Close to 25 per cent of all GPIs said they would reduce cash holdings over the next 12-24 months while 10 per cent planned to increase allocations to gold.
“Overall, the majority of respondents plan to keep allocations to all asset classes steady,” the report says.
Among other findings, the survey revealed GPIs are considering investing more in alternative assets, real estate and infrastructure.
GPIs are also taking sustainable investment more seriously, a trend accelerated by COVID-19, the OMFIF study says.
The survey found so-called ‘do no harm’ environmental, social and governance (ESG) strategies “are followed by 26% of central banks, 58% of sovereign funds and 81% of pension funds”.
“Sweden’s Riksbank divested of regional debt from Australia and Canada in November 2019, citing concerns over high carbon emission,” the report says.
The wider annual OMFIF study of 750 GPIs – covering government-owned pension and wealth funds as well as central banks – found assets under management (AUM) across the sector increased almost US$2 trillion last year to reach a total US$39.5 trillion, representing over 43 per cent of global GDP.

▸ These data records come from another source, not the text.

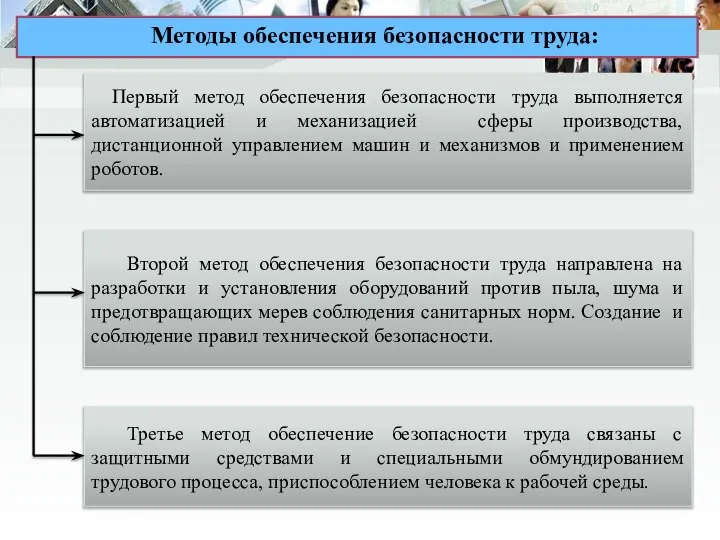 Первый метод обеспечения безопасности труда выполняется автоматизацией и механизацией сферы производства, дистанционной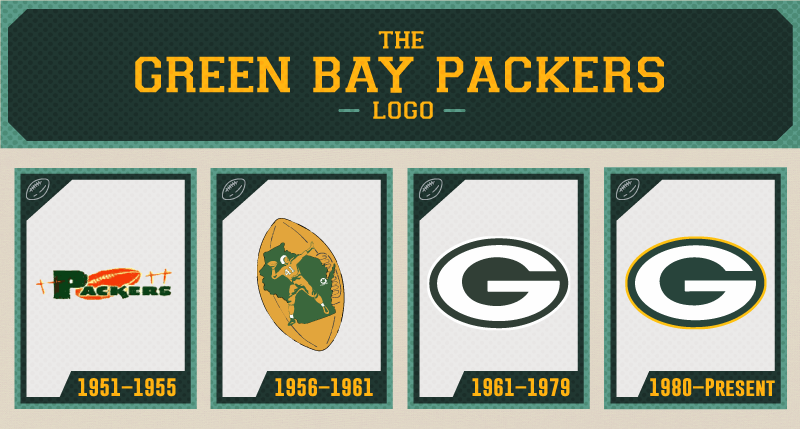 NflTurk's tweet photo. NFL'in popüler takımlarından Green Bay Packers'ı logosunun yıllar içinde geçirdiği değişim süreci; #NFL #Packers @packers https://t.co/WMTPx2OJBe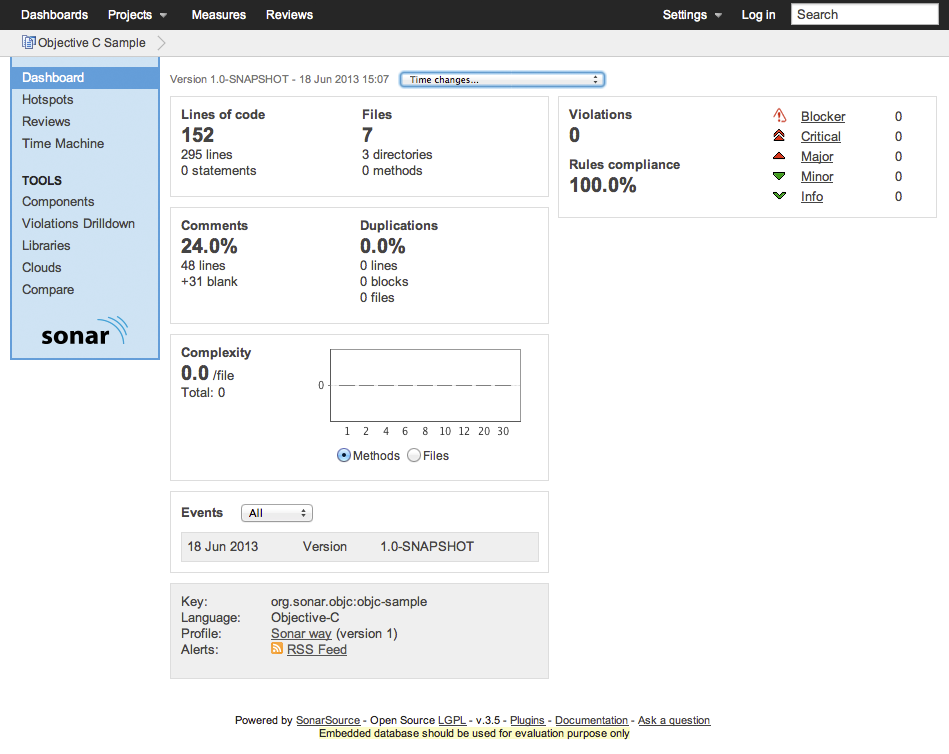 sonar-objective-c dashboard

Growth in GPI AUM in 2019 of 5 per cent bettered the global GDP expansion of 2.9 per cent last year.
“[The 2019 result] marks an acceleration from the previous year, when total AUM growth stood at 3.7%, reflecting public investors’ gains from strong equity markets and the rising gold price,” the study says.
Much of the increase centres on GPI pension funds where those in the Asia-Pacific region reported the highest annual growth-rate of 9 per cent, the OMFIF paper says, with AUM up US$365.7 billion for the year.
In total, Asia-Pacific (including Japan, China, India etc, as well as Australasia) GPIs hold the largest AUM by region at US$15.1 trillion followed by North America (US$9.8 trillion) and Europe (US$8.2 trillion).
The NZ Superannuation Fund ranks at 192 among the top 750 GPIs by AUM with the Reserve Bank of NZ sitting at 258 on the list.
But the accompanying 188-page OMFIF report covers the gamut of GPI issues ranging from economics to digital currencies to central bank art collections.
David Marsh, OMFIF founder and chair, says the latest study shows that in the wake of the latest crisis “GPIs are no longer mere instruments”.
“In many cases – in the absence of broader international strategies, occasioned by the US retreat from global leadership – [GPIs] have become source and bedrock of policy,” Marsh says in the report. “… For all these institutions and the people and businesses they support, the threshold to fresh travail is low – and the line between success and failure is agonisingly thin.”